> What the exercise asks
Could you retype the records word for word but without any pictures?

[Data items]
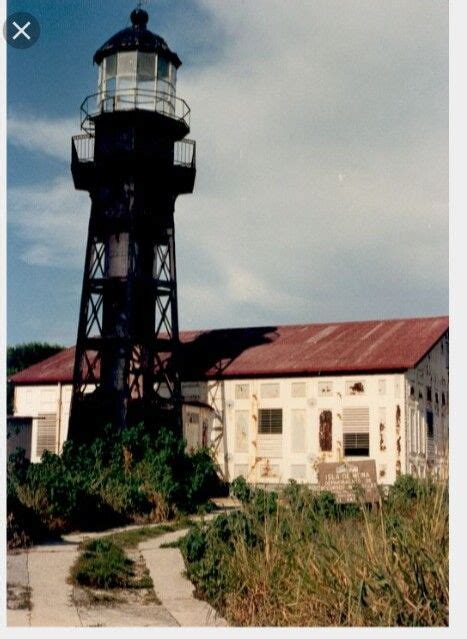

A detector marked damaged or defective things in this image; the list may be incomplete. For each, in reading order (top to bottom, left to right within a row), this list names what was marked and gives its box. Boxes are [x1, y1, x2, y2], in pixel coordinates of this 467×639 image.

rusty red roof [10, 316, 450, 384]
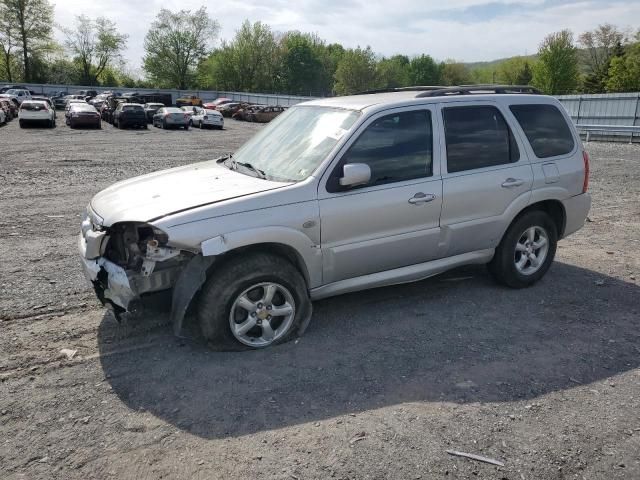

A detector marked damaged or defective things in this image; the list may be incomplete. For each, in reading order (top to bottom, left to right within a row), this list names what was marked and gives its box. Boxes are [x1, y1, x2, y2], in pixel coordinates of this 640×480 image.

crumpled hood [90, 158, 288, 225]
damaged front end [78, 206, 191, 318]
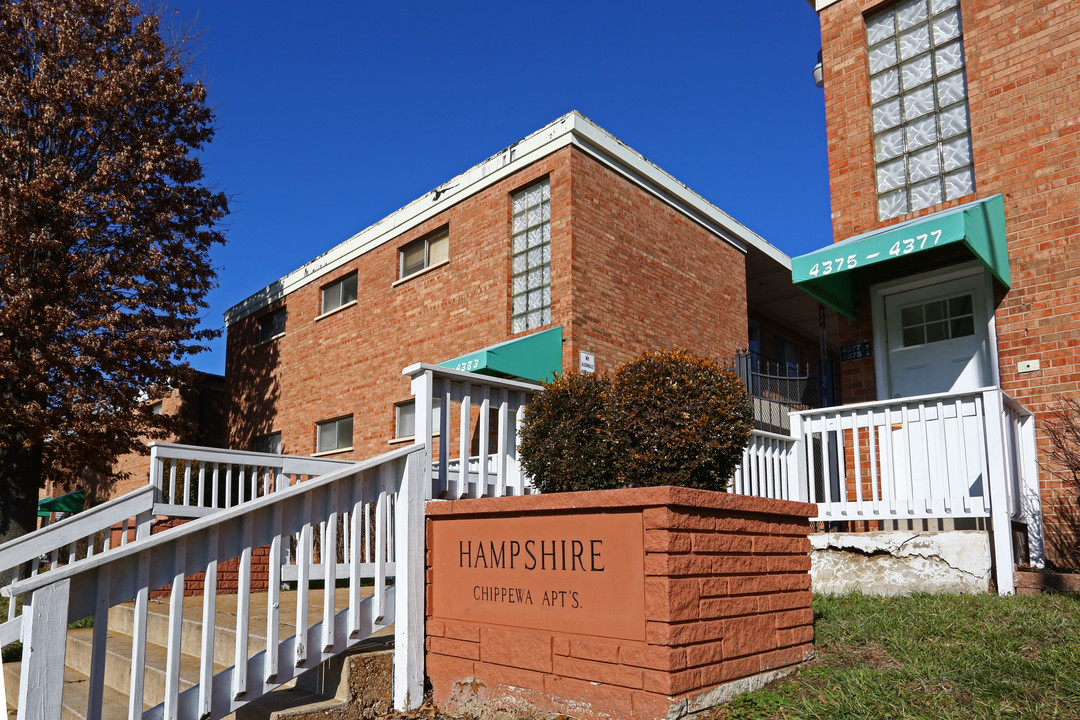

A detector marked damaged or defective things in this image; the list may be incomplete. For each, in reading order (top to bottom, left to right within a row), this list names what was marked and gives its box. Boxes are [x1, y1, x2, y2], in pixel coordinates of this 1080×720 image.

cracked concrete foundation [807, 528, 989, 595]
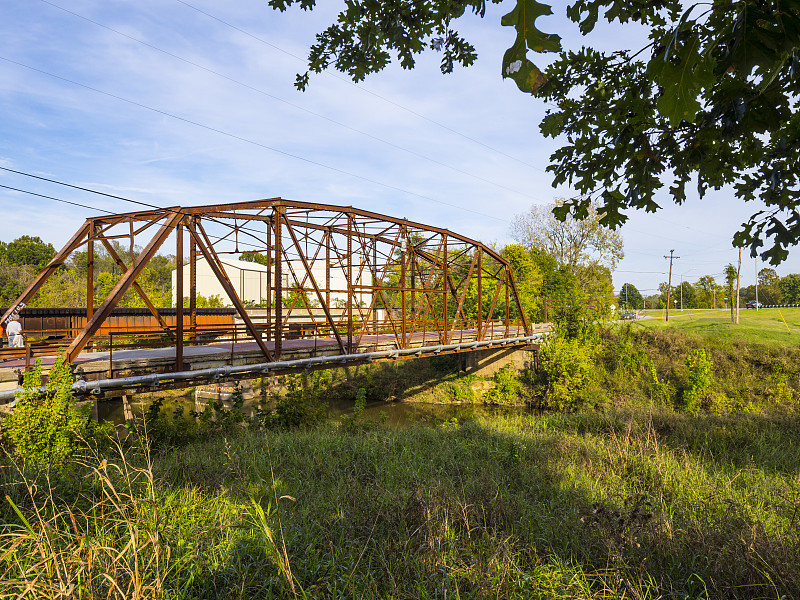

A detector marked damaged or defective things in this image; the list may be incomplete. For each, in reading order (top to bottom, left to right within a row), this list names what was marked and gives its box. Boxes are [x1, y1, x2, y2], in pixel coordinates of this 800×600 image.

> Output of the task
A detector marked damaged or defective things in this image; the list may be incomplete. For each, in reading order (top to bottom, left to right within a row), this list names what was marked and gives its box. Boxes are [x1, y1, x2, y2], in pixel coordinates of this 467×639 image.

rusty red roof [10, 316, 450, 384]

A detector marked damaged or defective things in this image; the list may be incomplete. For each, in reading order (top to bottom, left to right within a row), this list names what was marked and gives its box. Boxes are [x1, y1, x2, y2], in pixel coordinates of this 640×480 image.

crumpled hood [90, 158, 288, 225]
damaged front end [78, 206, 191, 318]

A detector marked damaged or defective things in this image; the list may be incomplete. For each, in reading order (top to bottom, left to right within a row), this list names what was marked and gives its box. Boxes are [x1, y1, x2, y2], in pixel coordinates of this 1080×720 image.

cracked concrete foundation [807, 528, 989, 595]

A detector marked damaged or defective things in this image; the list may be incomplete. For each, in reading order (top to bottom, left to right within a row), this list names what was marked and gives its box. Boxes are [x1, y1, x2, y2], in pixel coordinates of this 800×600 image.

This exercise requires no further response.